→ Exercise requirements: In the copy, include every entry exactly but none of the images.

→ Supplied data:
§ §
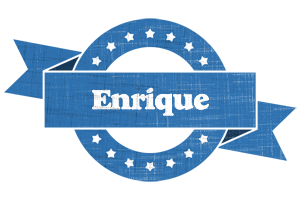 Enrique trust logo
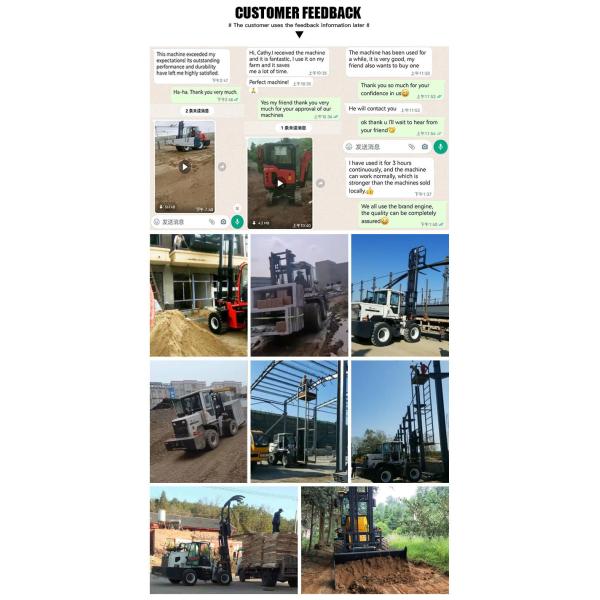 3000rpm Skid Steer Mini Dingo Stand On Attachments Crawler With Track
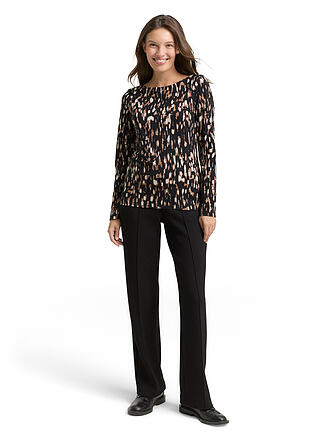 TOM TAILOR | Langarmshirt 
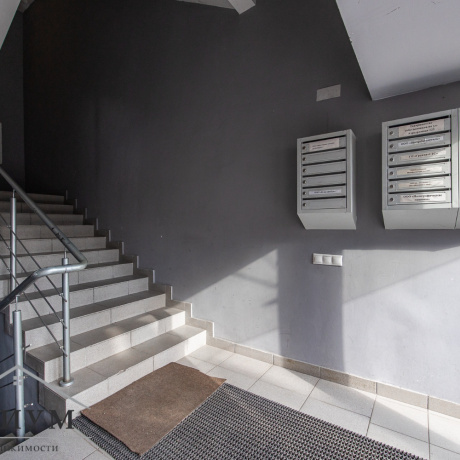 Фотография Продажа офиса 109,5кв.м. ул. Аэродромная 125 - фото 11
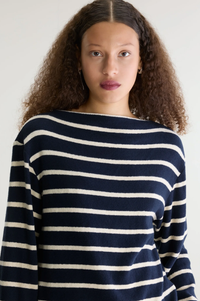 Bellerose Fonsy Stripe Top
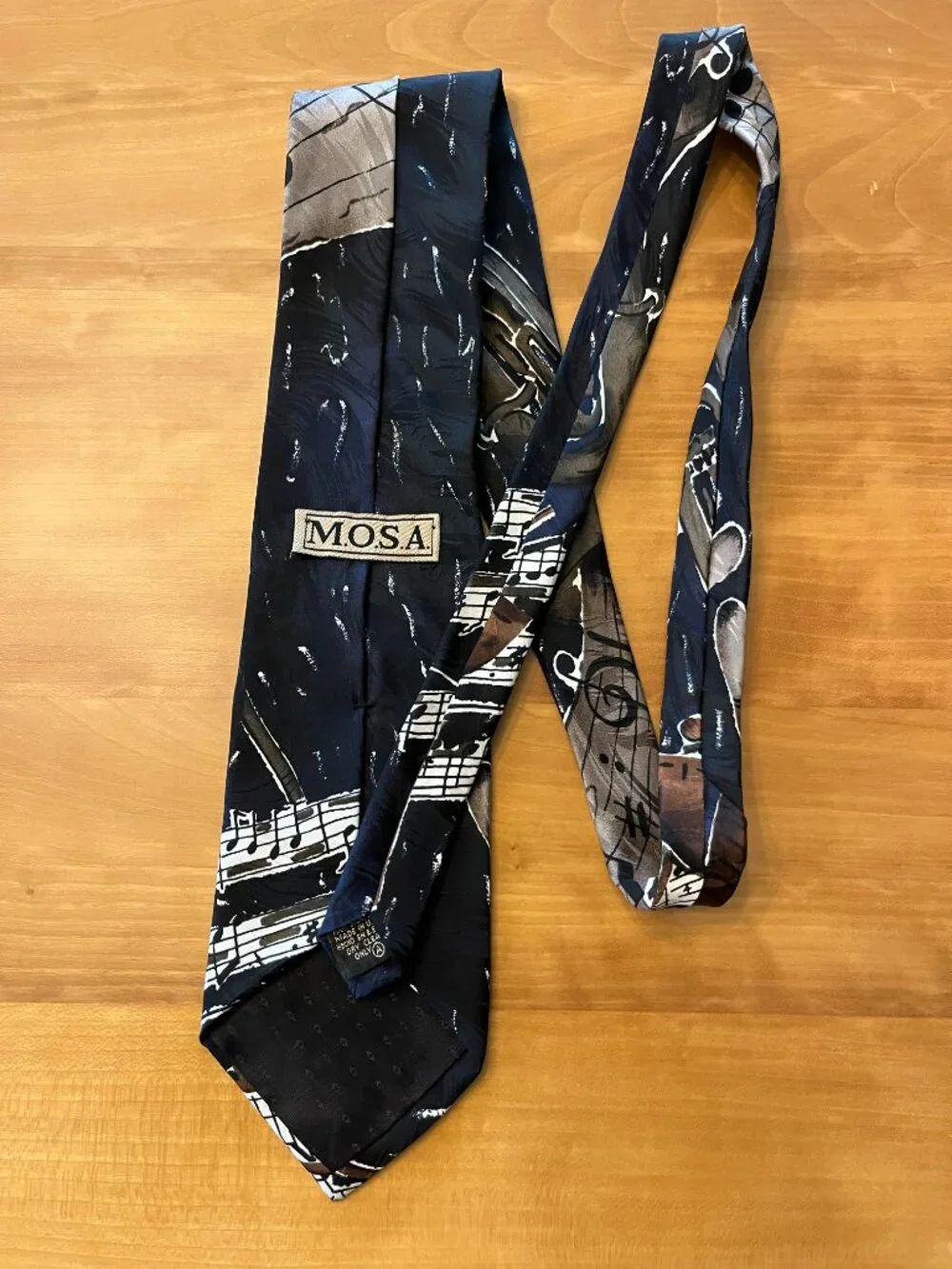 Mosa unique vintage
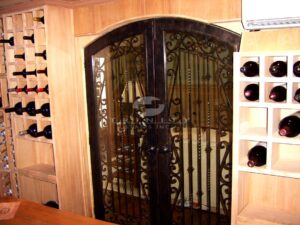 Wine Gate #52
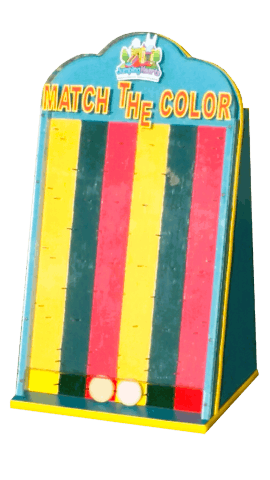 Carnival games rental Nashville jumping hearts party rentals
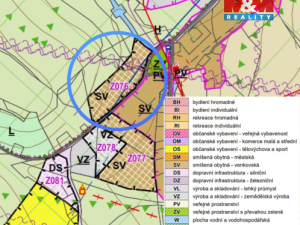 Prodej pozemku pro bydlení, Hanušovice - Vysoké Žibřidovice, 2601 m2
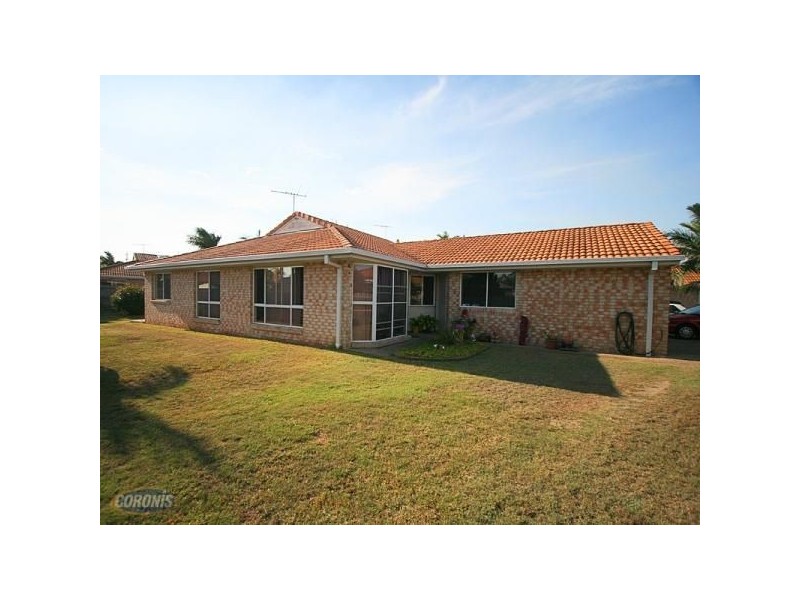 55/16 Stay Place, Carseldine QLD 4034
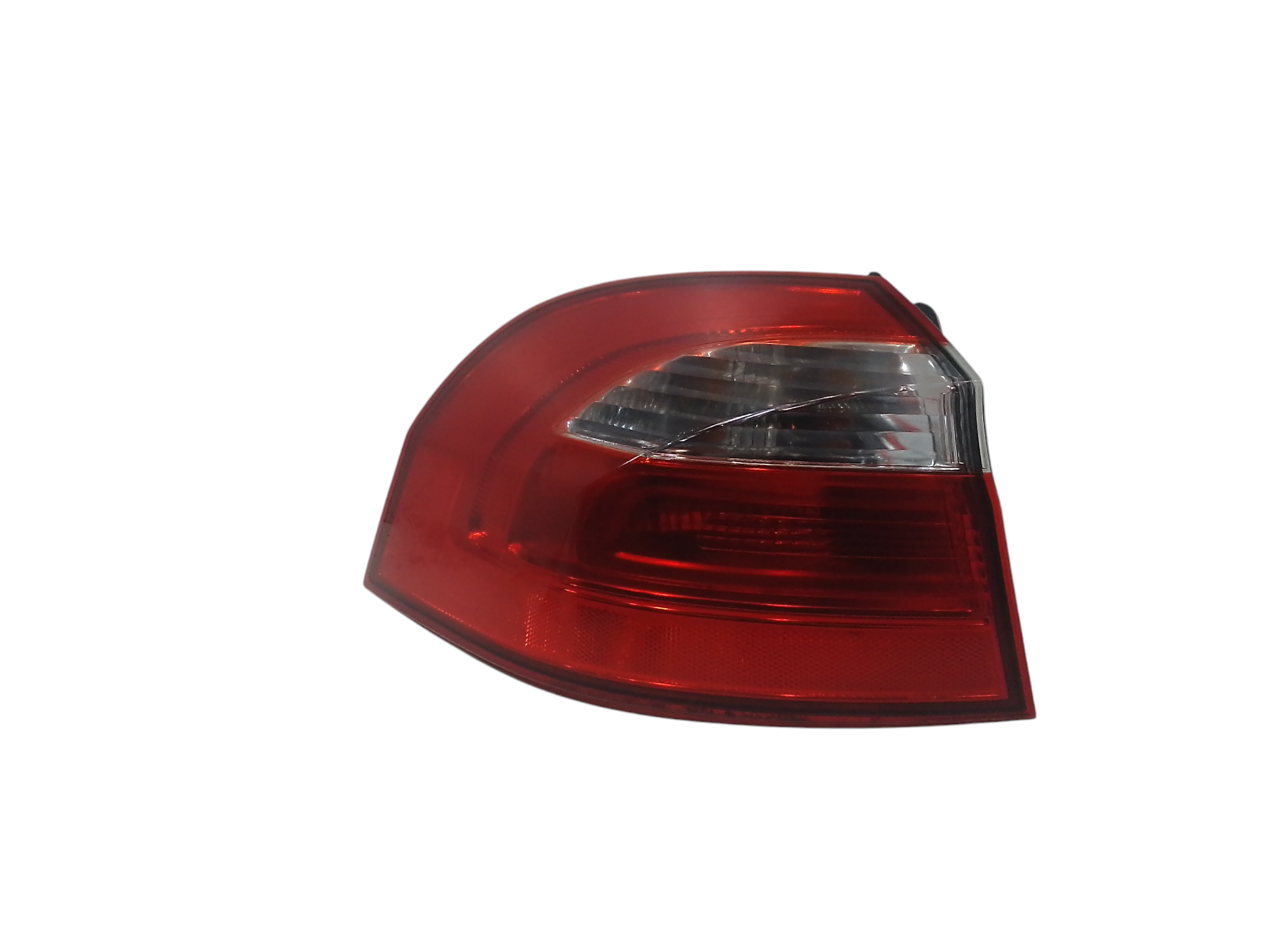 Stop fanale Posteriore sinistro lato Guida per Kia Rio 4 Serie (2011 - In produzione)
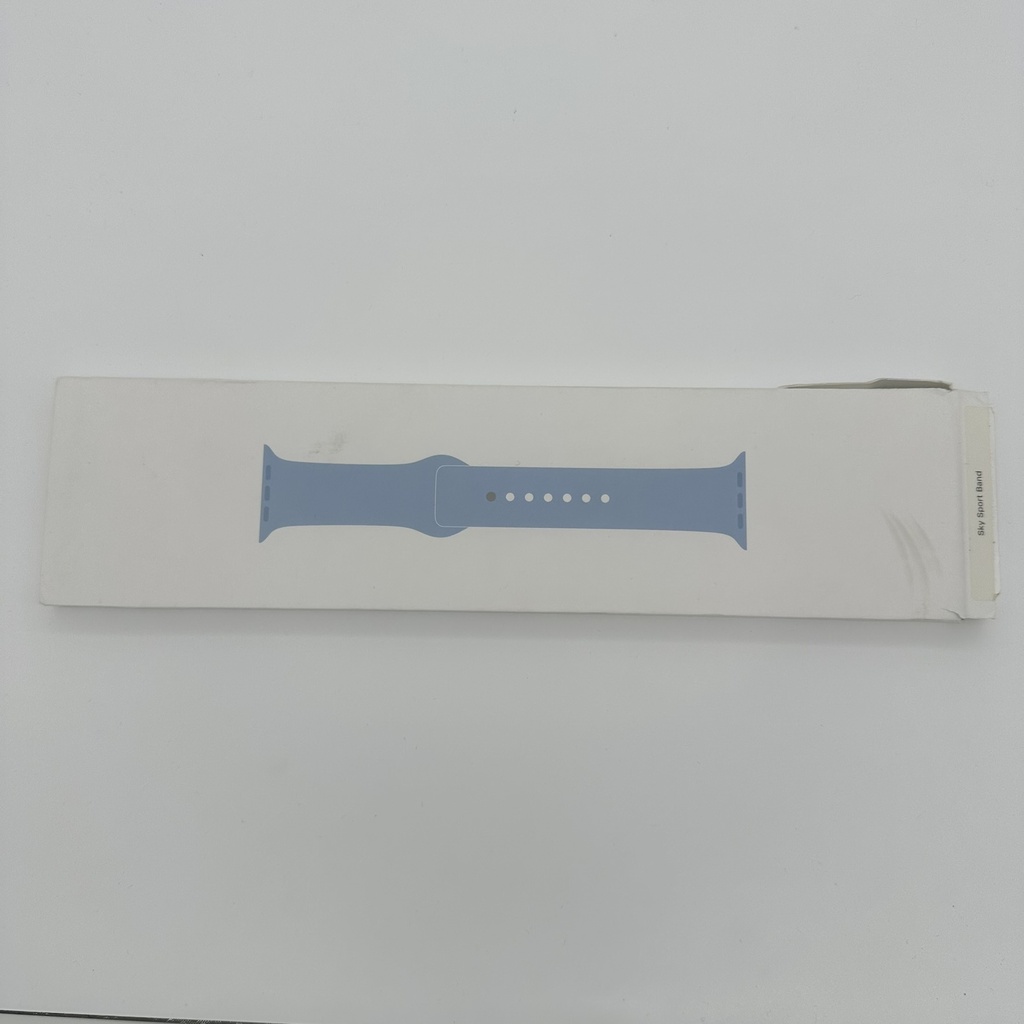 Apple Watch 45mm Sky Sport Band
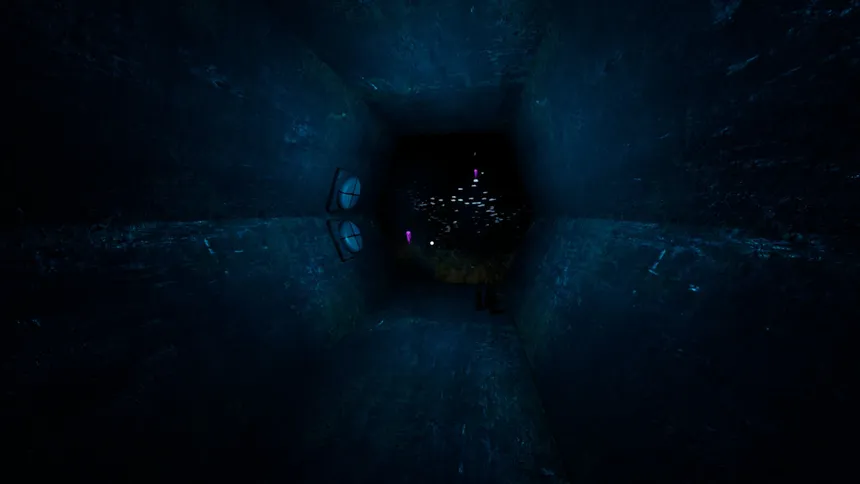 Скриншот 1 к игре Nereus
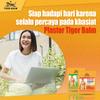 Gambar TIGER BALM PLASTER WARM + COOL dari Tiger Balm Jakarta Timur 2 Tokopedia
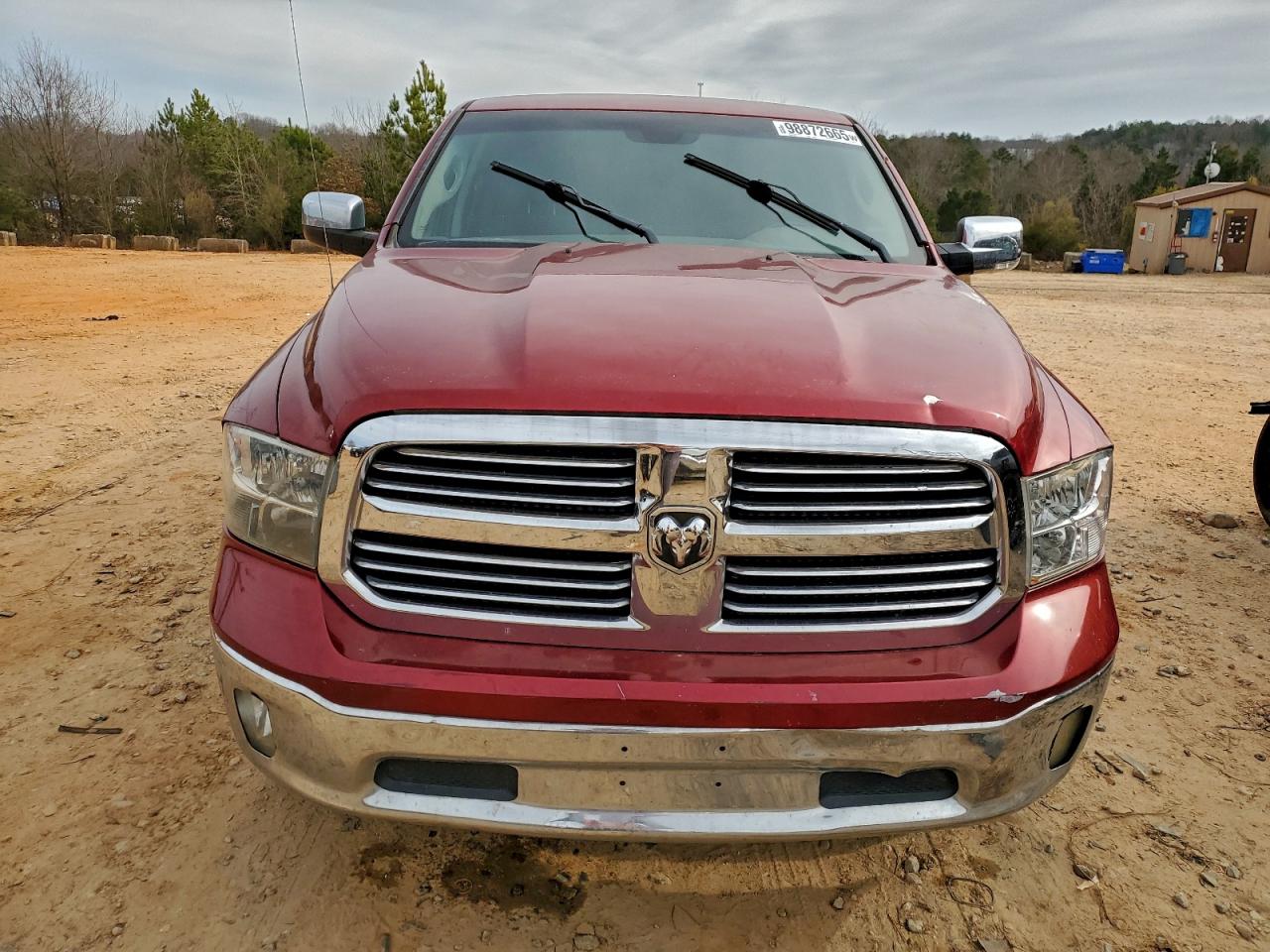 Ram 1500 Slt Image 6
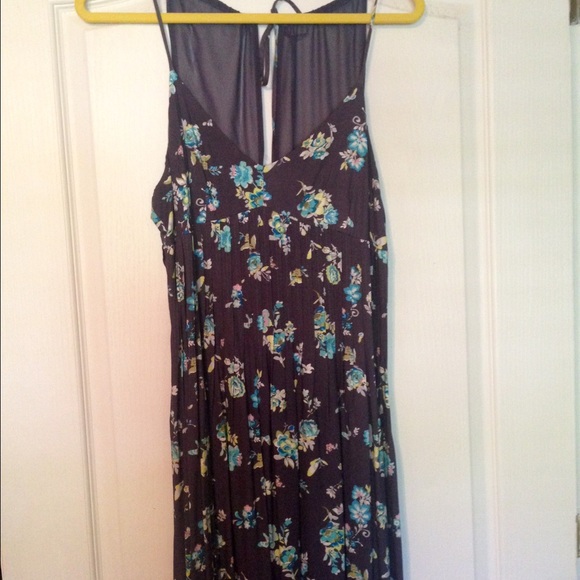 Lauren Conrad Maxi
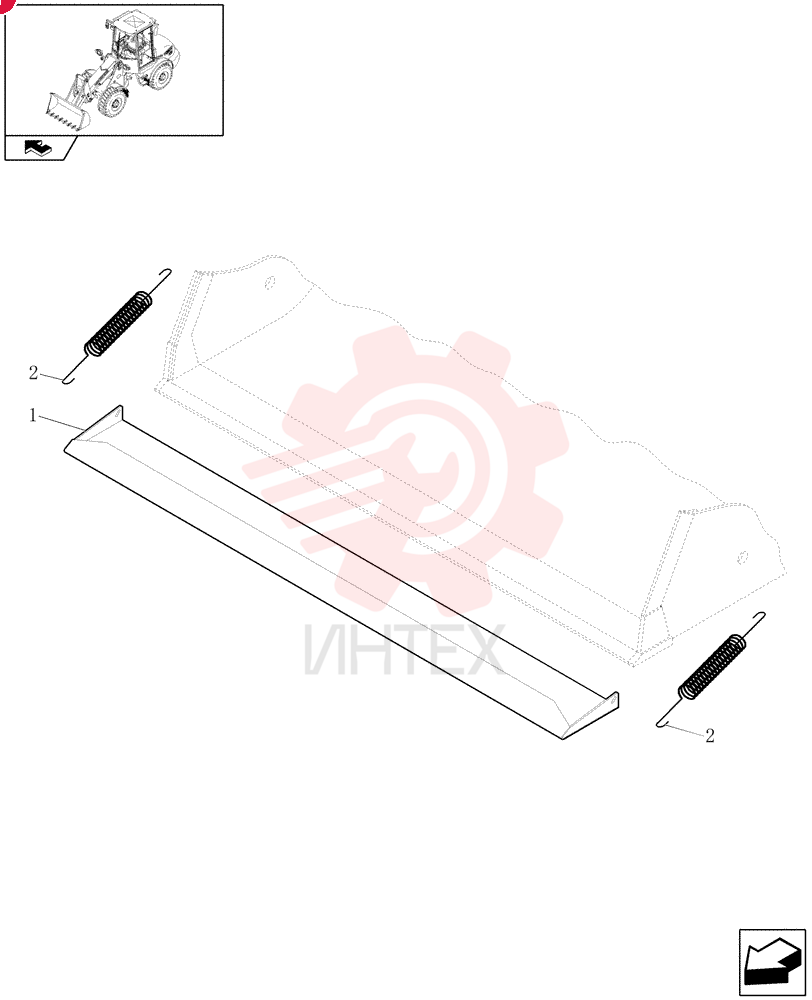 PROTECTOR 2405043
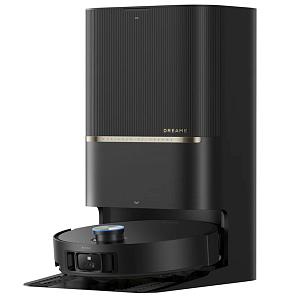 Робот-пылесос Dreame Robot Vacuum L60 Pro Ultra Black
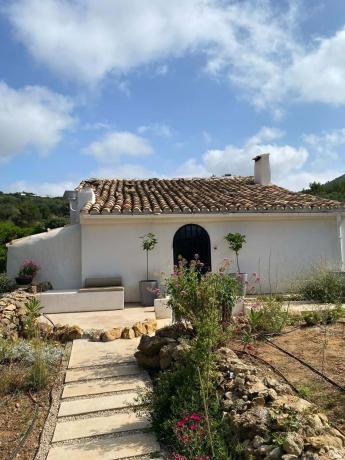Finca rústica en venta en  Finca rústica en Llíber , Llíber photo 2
§ §
→ Expected output:
 Enrique trust logo
 3000rpm Skid Steer Mini Dingo Stand On Attachments Crawler With Track
 TOM TAILOR | Langarmshirt 
 Фотография Продажа офиса 109,5кв.м. ул. Аэродромная 125 - фото 11
 Bellerose Fonsy Stripe Top
 Mosa unique vintage
 Wine Gate #52
 Carnival games rental Nashville jumping hearts party rentals
 Prodej pozemku pro bydlení, Hanušovice - Vysoké Žibřidovice, 2601 m2
 55/16 Stay Place, Carseldine QLD 4034
 Stop fanale Posteriore sinistro lato Guida per Kia Rio 4 Serie (2011 - In produzione)
 Apple Watch 45mm Sky Sport Band
 Скриншот 1 к игре Nereus
 Gambar TIGER BALM PLASTER WARM + COOL dari Tiger Balm Jakarta Timur 2 Tokopedia
 Ram 1500 Slt Image 6
 Lauren Conrad Maxi
 PROTECTOR 2405043
 Робот-пылесос Dreame Robot Vacuum L60 Pro Ultra Black
Finca rústica en venta en  Finca rústica en Llíber , Llíber photo 2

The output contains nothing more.